Tags

, , , , , , ,

A reader wrote:


My first question: although IQ tests purports to be designed empirically, it feels like the weighting of speed vs. accuracy is completely arbitrary, whats up with that?

The way I see it, IQ tests are just a sample of all your cognitive abilities. But because no one knows the nature and number of every cognitive ability in the human mind, all psychologists can do is select an arbitrary sample that is as large and diverse as possible. Luckily, all cognitive abilities appear to be positively correlated and by prioritizing cognitive abilities that correlate well with every other known cognitive ability, the total score presumably predicts unidentified cognitive abilities also.

The reader continues:

I don’t think any IQ tests score you on speed, but most of them have a time limit that’s not long enough for the average person to complete it, giving people who can finish it faster an advantage.  While there’s certainly a correlation between one’s speed of reasoning and quality of reasoning, they seem to me like ultimately seperate qualities, yet IQ tests tend to lump them into one. For example, who is smarter, a person who finishes a test in time with 60% accuracy and is confident he got everything right, or a person who finishes half the test before the time runs out so gets a 50% but could have gotten 100% if given twice the time.

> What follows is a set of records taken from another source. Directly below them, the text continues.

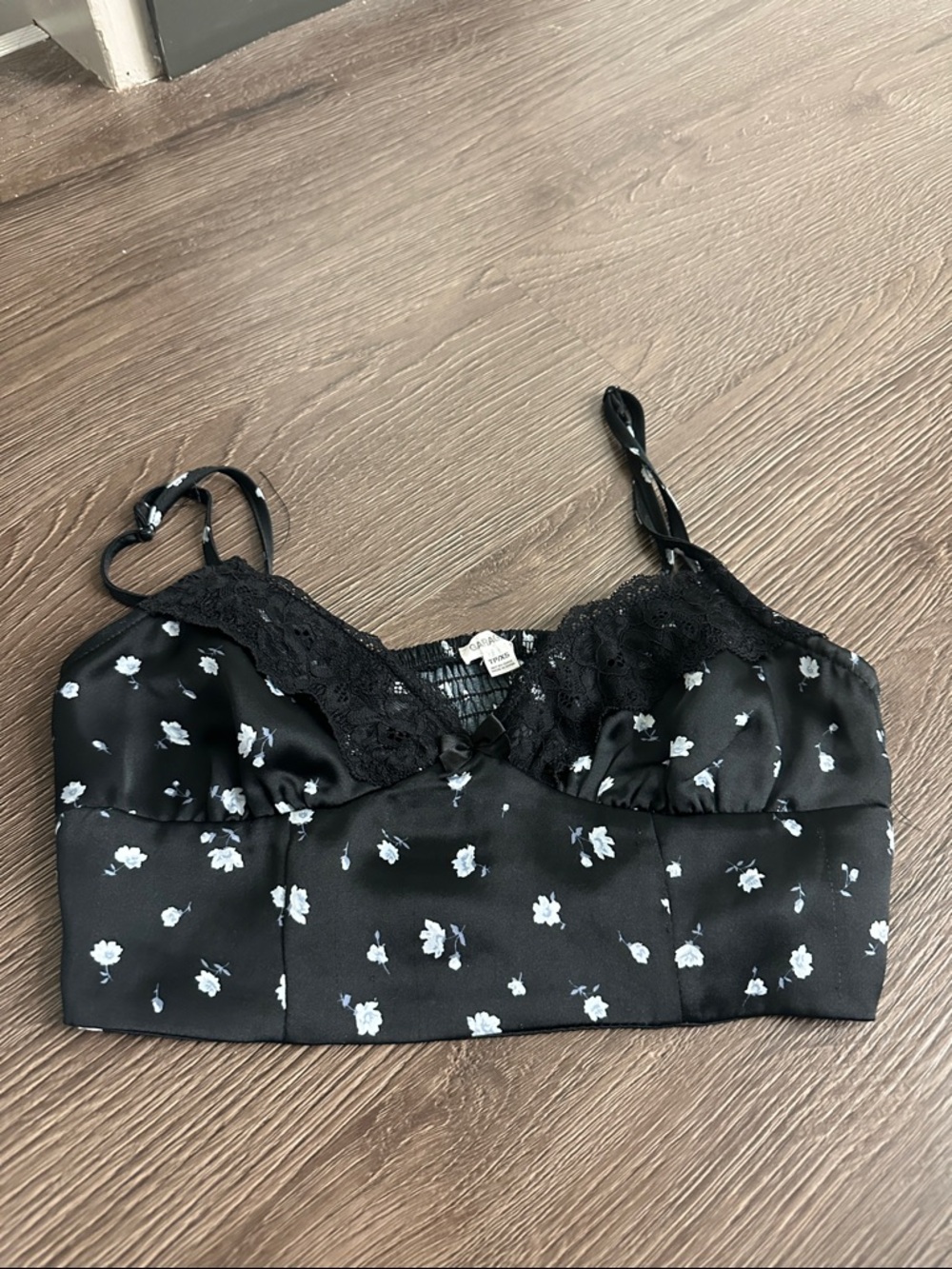 Black Floral Lace Trim Satin Crop Top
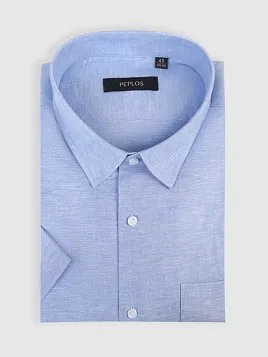 СОРОЧКА МУЖСКАЯ PEPLOS SH25079-K-C ГОЛУБОЙ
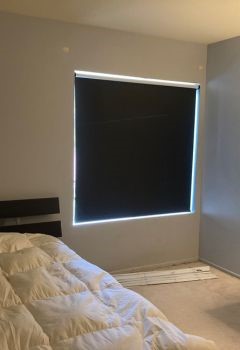 Custom Blackout Roller Shades for Windows in Santa Clarita Bedroom and Living Space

Some IQ tests do provide subscores for the so-called speed factor (the Processing Speed index on the WAIS-IV for example) but most timed IQ measures use speed as a convenient way of increasing the test’s difficulty, not because they’re trying to measure speed per se.

For example on a Wechsler spatial subtest, 15% of 16-year-olds are capable of solving every item within the time limit (which is a few minutes for the hardest items), but by giving bonus points to people who can solve the easy items within 10 seconds and the hard items within 30 seconds, only 0.1% can get a perfect score. So the use of time bonuses increases the test’s ceiling by two whole standard deviations without going to the trouble of creating more difficult items that would make the test too long.

When time bonuses are not given, a lot more people score perfect but the rank order of people remains virtually identical especially at age 85 to 90.9 where the correlation is 0.99! (WAIS-IV Technical and Interpretive Manual, Appendix A). The correlation is slight lower at younger ages (but still 0.93+) because of all the ceiling bumping when no time bonus is given. Such absurdly high correlations prove that when used judiciously, time bonuses merely add ceiling without changing the nature of what is being tested.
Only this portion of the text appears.